■ WHAT TO PRODUCE
What is needed is an exact copy of the lines in the entries below from the one holding "JB Systems LED" through the one holding "Set of (2) Used", pictures excluded.

■ LISTED RECORDS
——————

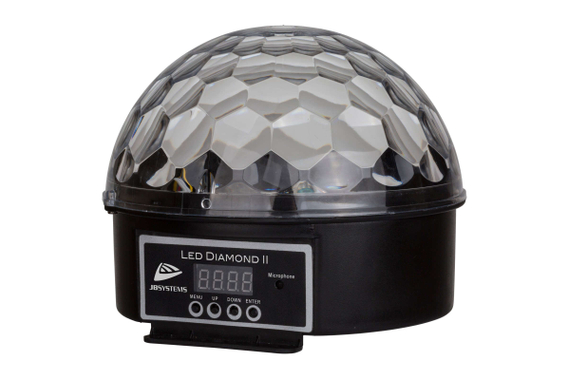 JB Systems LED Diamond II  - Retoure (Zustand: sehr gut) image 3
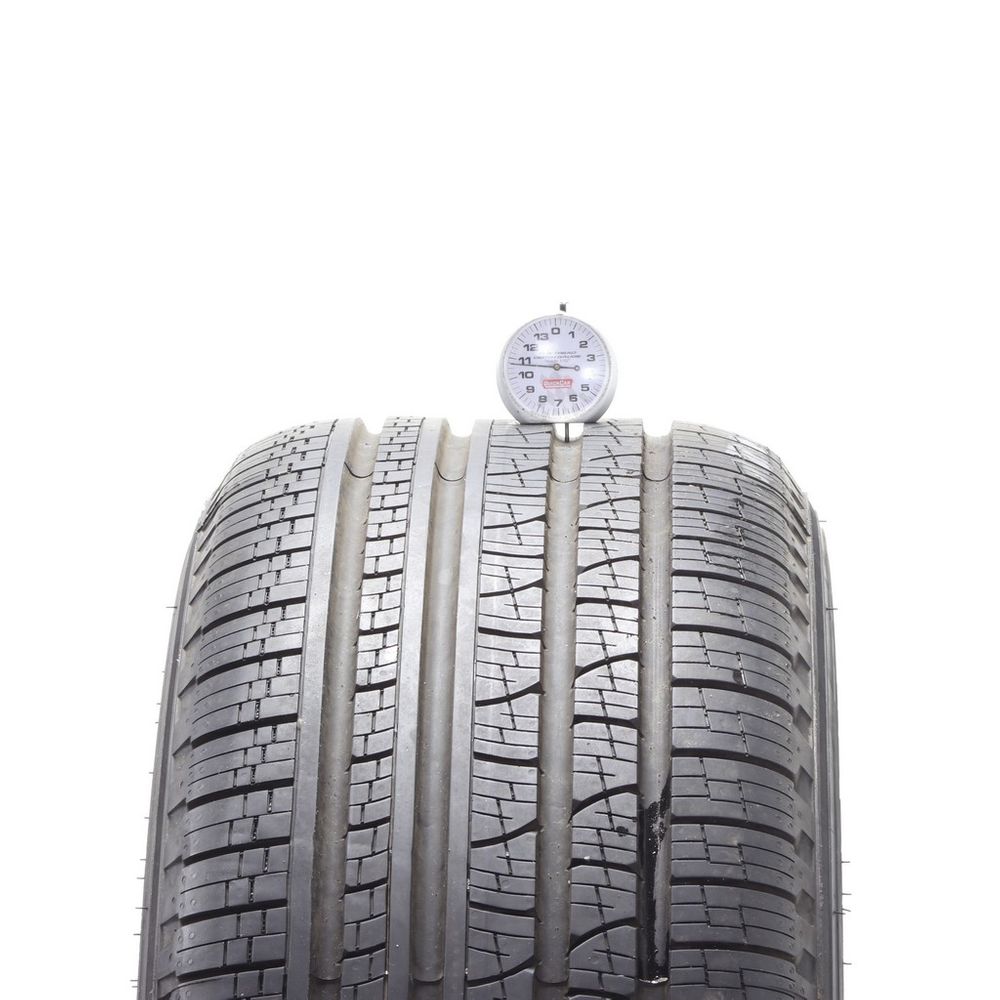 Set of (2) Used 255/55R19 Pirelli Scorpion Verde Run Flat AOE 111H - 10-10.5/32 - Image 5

——————

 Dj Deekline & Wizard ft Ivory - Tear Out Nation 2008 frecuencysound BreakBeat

——————

■ SOLUTION BELOW
 JB Systems LED Diamond II  - Retoure (Zustand: sehr gut) image 3
 Set of (2) Used 255/55R19 Pirelli Scorpion Verde Run Flat AOE 111H - 10-10.5/32 - Image 5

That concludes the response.